Think, spot and speak out against abuse

Together, we can stop Child Sexual Exploitation


We are committed to helping safeguard our children by encouraging residents to recognise and respond to Child Sexual Exploitation (CSE) by spotting the signs and highlighting the fact that CSE can, and does happen in West Sussex.

CSE is a form of sexual abuse that involves the manipulation and/or coercion of young people under the age of 18 into sexual activity.

Key Facts:

  • Everyone has a role to play in raising awareness of CSE
  • The safeguarding of children is everybody’s business
  • Any child can be sexually exploited no matter what culture, ethnicity, religion or gender from any background

Across West Sussex we are committed to stopping CSE. Our dedicated CSE campaign is targeted towards young people, parents & carers and professionals.

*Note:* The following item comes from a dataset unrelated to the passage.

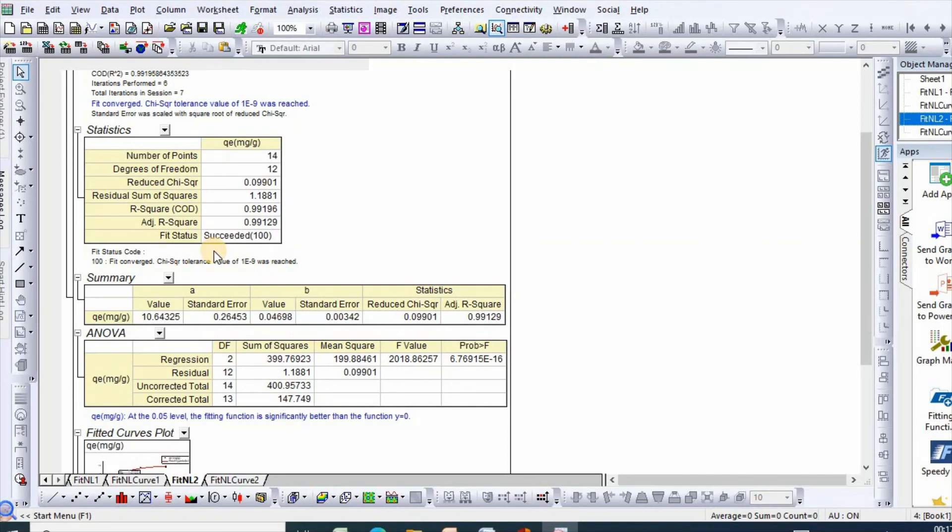In my next video I will show you how to perform error analysis in adsorption kinetics study. Thanks for watching.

Recognise the signs of Child Sexual Exploitation:

  • Sexualised behaviour - children appearing to be in ‘relationships’ with adults
  • Absence - going missing from home/school, out in the day or late at night
  • Family issues - domestic abuse and neglect
  • Emotional and physical health - low or excessively high self-esteem, changes in appearance, self-harming, concerning appearance or behaviour
  • Gang involvement and criminality - are these children at risk from more sophisticated older children/adults or organised criminals?
  • Use of technology – excessive calls/texts, extensive use of social media to meet people, sexting, secretive about online activity, having to keep mobile phone with them all the time.
  • Alcohol and drug use (becoming problematic) - children being bought alcohol by adults
  • Receipt of gifts and unexplained money
  • Distrust of authority and change in behaviour - consider whether these are children troubling rather than troublesome?

We support Sussex Police’s CSE campaign and are committed to preventing Child Sexual Exploitation by delivering focused training, in partnership with Barnardo’s, to professionals and community and voluntary groups raising awareness of CSE.

We have trained professionals to use the West Sussex Exploitation screening tools and have written a number of blogs and materials around healthy relationships aimed at young people.


Young people

Young people

Preventing and disrupting Child Sexual Exploitation (CSE) in Sussex is a high priority for West Sussex County Council and all our partners.

If you are a child (legally, that means anyone 17 and under) and you are worried about something happening in your own relationship, or a friend's, keep reading this page and visit our Your Space site which tells you everything you need to know about CSE, including: 

  • an explanation of what CSE is
  • how it happens
  • spotting the warning signs
  • how to get help.

So what is Child Sexual Exploitation?

CSE occurs when a child (anyone aged 18 and under) is used by being tricked or forced into doing something sexual in return for something - like love, affection, money, drugs or alcohol.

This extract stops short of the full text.